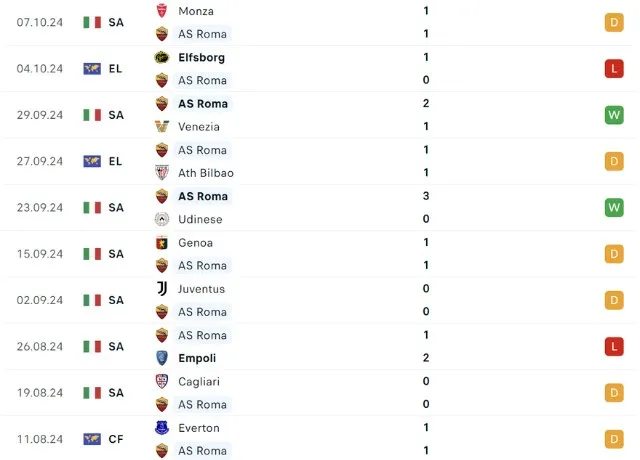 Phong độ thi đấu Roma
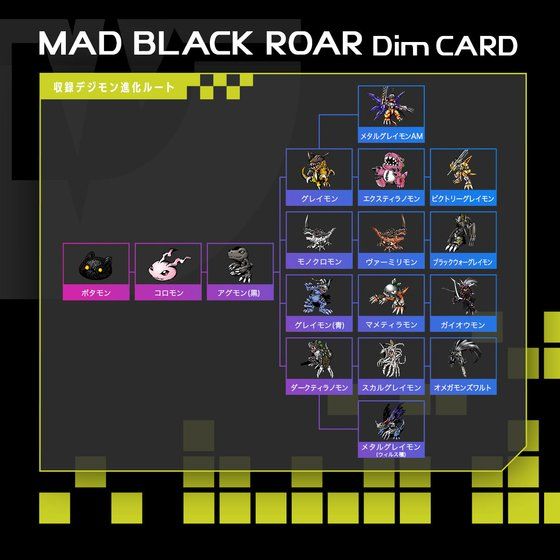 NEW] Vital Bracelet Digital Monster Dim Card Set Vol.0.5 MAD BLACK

• • • • • • •

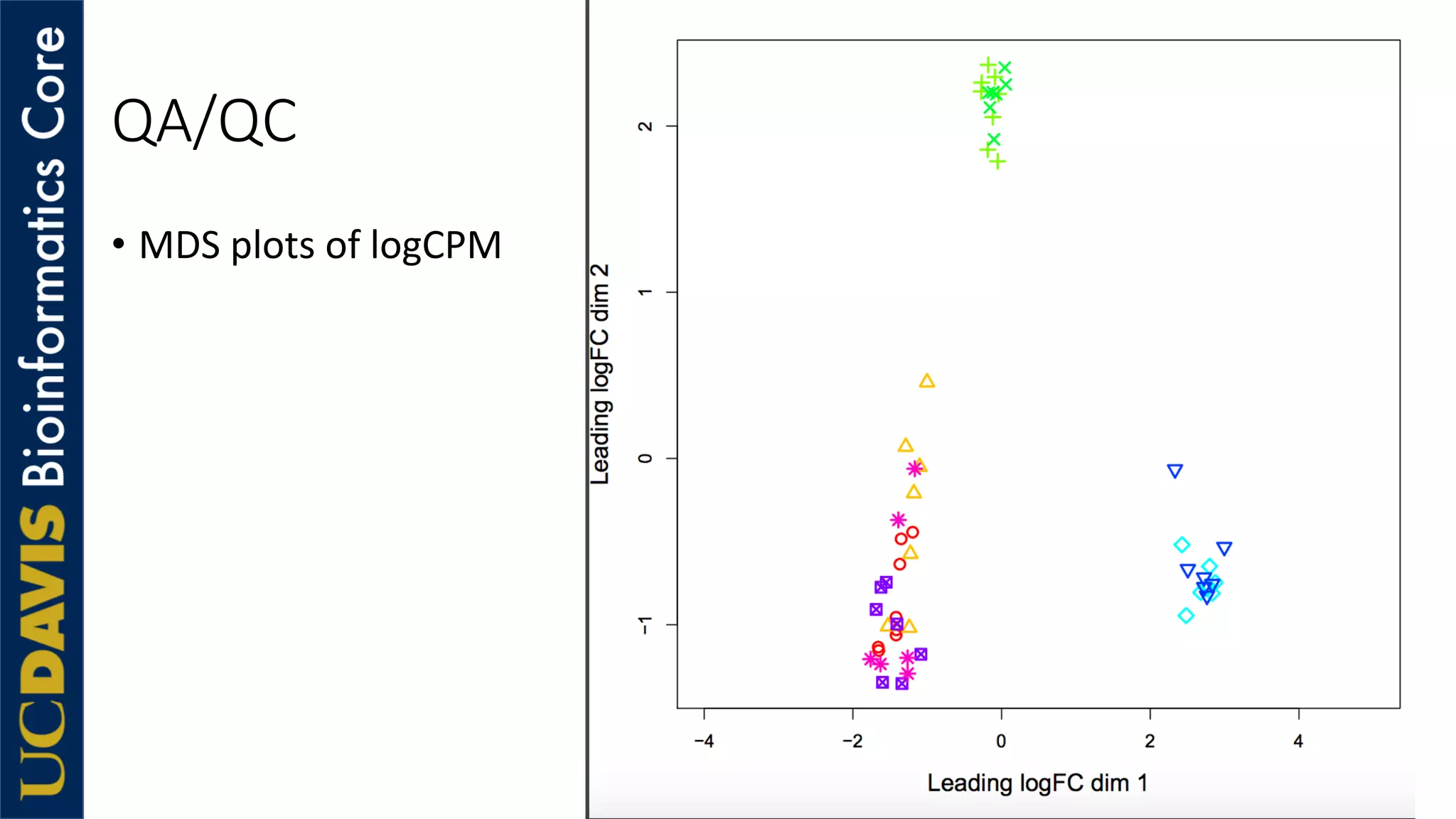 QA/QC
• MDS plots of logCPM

• • • • • • •

Prompt
Excerpt from the records above: set down only the lines from the one that contains "Phong độ thi đấu Roma" through the one that contains "NEW] Vital Bracelet", inclusive, word for word. Pictures stay out.

Task solution
 Phong độ thi đấu Roma
 NEW] Vital Bracelet Digital Monster Dim Card Set Vol.0.5 MAD BLACK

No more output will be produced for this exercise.